Viel zu tun hatte Doris Mittelholzer auch während ihrer langen Karriere. Geboren in der Ostschweiz war ihr früh klar, dass sie etwas mit Menschen machen möchte. Sie absolvierte eine Ausbildung zur Sozialpädagogin, war in der offenen Jugendarbeit und in einem Heim tätig. Später arbeitete sie 15 Jahre lang in der Suchtarbeit, wo sie auch Institutionen leitete.
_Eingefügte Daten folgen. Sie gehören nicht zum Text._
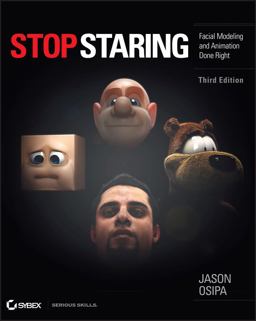Stop Staring Facial Modeling and Animation Done Right 3rd 9780470609903 Front Cover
1998 schliesslich wurde sie die erste Betriebsleiterin des Frauenhauses Aargau. «Die Stellenausschreibung sprach mich an, weil es Projekte anzupacken galt», sagt Mittelholzer. Der Anfang sei hart gewesen, weil praktisch nichts vorhanden war, so die 70-Jährige. «Ich hatte damals aber viel Goodwill von der Stiftung, die hinter dem Frauenhaus steht.» So konnte sie viel selbst gestalten und auf ihre Art anpacken.
Die Kraft der Frauen berührte sie immer wieder
Eine ihrer Aufgaben war es, das Frauenhaus in der Öffentlichkeit bekannt zu machen, damit möglichst viele, seien es Opfer oder Behörden, von diesem Angebot wussten. «Vor zwanzig Jahren waren das Frauenhaus und häusliche Gewalt weniger ein Thema. Heute sieht das anders aus», sagt Mittelholzer.
Als wichtigstes Projekt bezeichnet sie den Aufbau der Betreuung der Kinder der ins Frauenhaus geflüchteten Frauen. «Früher war die Kinderbetreuung rudimentär. Die Einführung der besonderen Betreuung der Kinder war ein Meilenstein.» Denn bei häuslicher Gewalt leide das ganze Familiensystem, vor allem auch die Kinder.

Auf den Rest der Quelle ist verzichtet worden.